- _RECORD EXCERPTS_:
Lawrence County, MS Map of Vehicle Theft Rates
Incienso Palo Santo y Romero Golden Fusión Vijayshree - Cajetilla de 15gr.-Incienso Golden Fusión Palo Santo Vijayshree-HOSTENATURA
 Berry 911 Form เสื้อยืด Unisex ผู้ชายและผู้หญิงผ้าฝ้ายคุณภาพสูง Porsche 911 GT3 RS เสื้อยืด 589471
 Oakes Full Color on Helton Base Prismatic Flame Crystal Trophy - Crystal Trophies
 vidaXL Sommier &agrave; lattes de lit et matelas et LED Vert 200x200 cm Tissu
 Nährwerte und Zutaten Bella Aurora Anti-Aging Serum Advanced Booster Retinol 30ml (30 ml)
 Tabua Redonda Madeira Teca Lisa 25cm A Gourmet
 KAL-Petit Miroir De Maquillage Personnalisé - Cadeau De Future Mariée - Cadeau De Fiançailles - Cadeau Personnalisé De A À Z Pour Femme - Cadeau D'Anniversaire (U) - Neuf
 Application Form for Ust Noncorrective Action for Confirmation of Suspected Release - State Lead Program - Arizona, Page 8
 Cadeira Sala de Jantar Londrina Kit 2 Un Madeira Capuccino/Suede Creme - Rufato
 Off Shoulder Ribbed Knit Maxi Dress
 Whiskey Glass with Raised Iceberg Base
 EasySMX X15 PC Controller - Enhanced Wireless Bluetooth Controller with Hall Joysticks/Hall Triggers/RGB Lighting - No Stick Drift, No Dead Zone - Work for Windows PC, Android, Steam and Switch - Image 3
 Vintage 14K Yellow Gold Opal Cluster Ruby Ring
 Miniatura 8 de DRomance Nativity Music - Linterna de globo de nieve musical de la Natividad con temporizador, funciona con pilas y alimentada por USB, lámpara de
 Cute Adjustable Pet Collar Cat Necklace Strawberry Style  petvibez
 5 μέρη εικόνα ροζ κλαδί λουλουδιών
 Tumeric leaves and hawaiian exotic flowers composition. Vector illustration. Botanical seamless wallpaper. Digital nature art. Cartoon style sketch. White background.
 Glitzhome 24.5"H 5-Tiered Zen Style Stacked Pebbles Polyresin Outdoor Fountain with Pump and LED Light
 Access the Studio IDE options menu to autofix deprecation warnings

- _PROBLEM DESCRIPTION_: Search the records for lines holding the word "with", then copy each line you find.

- _ANSWER TO THE PROBLEM_:
 Whiskey Glass with Raised Iceberg Base
 EasySMX X15 PC Controller - Enhanced Wireless Bluetooth Controller with Hall Joysticks/Hall Triggers/RGB Lighting - No Stick Drift, No Dead Zone - Work for Windows PC, Android, Steam and Switch - Image 3
 Glitzhome 24.5"H 5-Tiered Zen Style Stacked Pebbles Polyresin Outdoor Fountain with Pump and LED Light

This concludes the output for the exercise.